▶ **Prompt**
Starting at the line with "VENTE - Terrain - UNIEUX (42240) - 97000 €", return every line through the final one of the data, word for word. Pictures stay out.

▶ **Data extract**
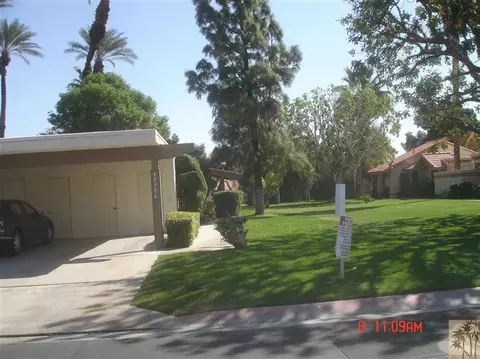 48984 Eisenhower Dr, Indio, CA 92201 photo 2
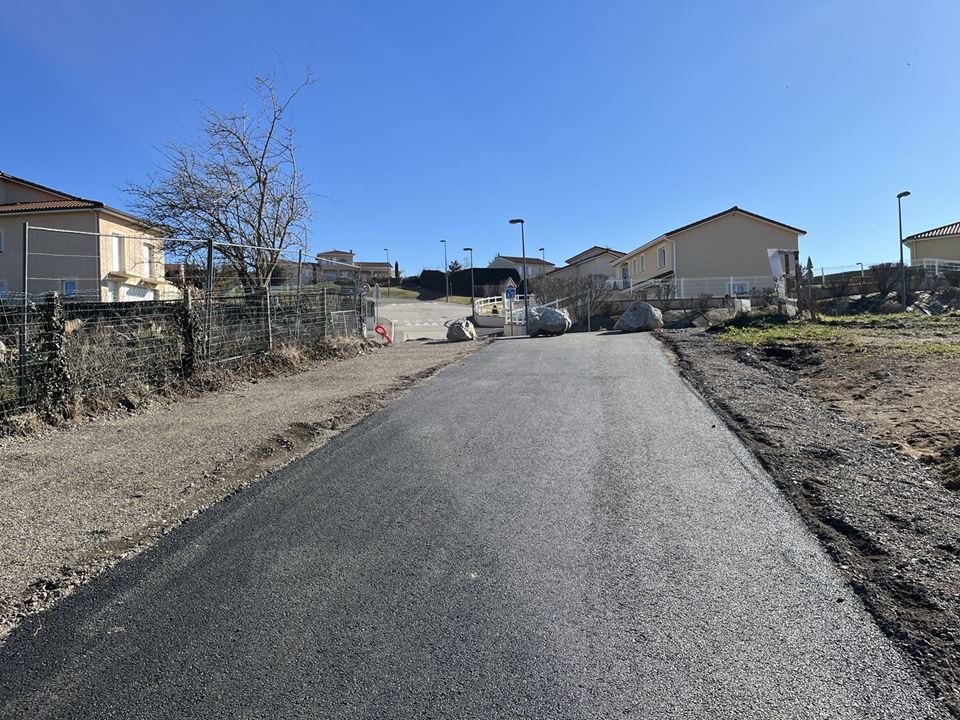 VENTE - Terrain - UNIEUX (42240) - 97000 €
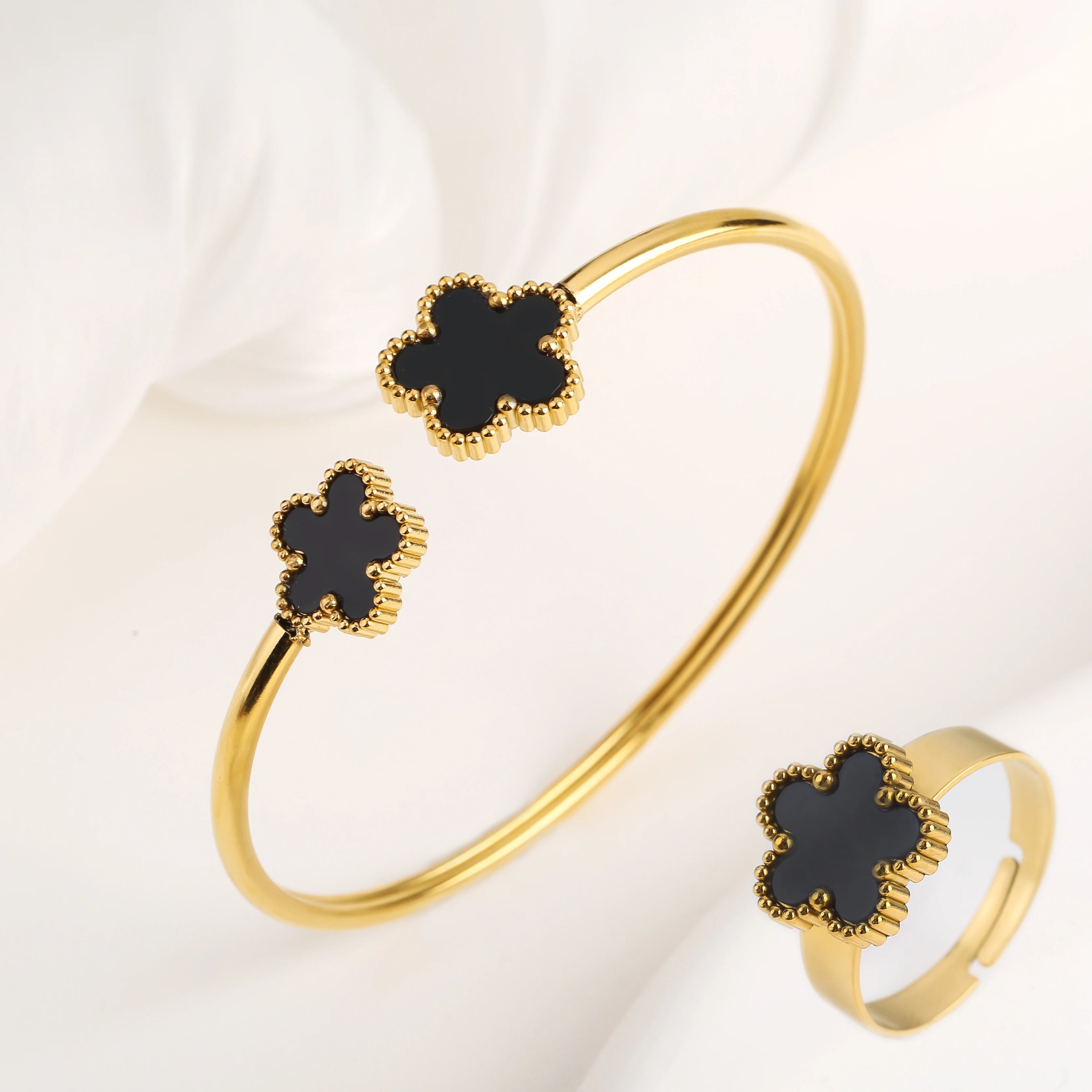 New Design Lucky Stainless Steel FIve Leaf Flower Bangle Ring Jewelry Set for Women Waterproof Fashion Jewelry Party Gift Clover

▶ **Solution to the exercise**
 VENTE - Terrain - UNIEUX (42240) - 97000 €
 New Design Lucky Stainless Steel FIve Leaf Flower Bangle Ring Jewelry Set for Women Waterproof Fashion Jewelry Party Gift Clover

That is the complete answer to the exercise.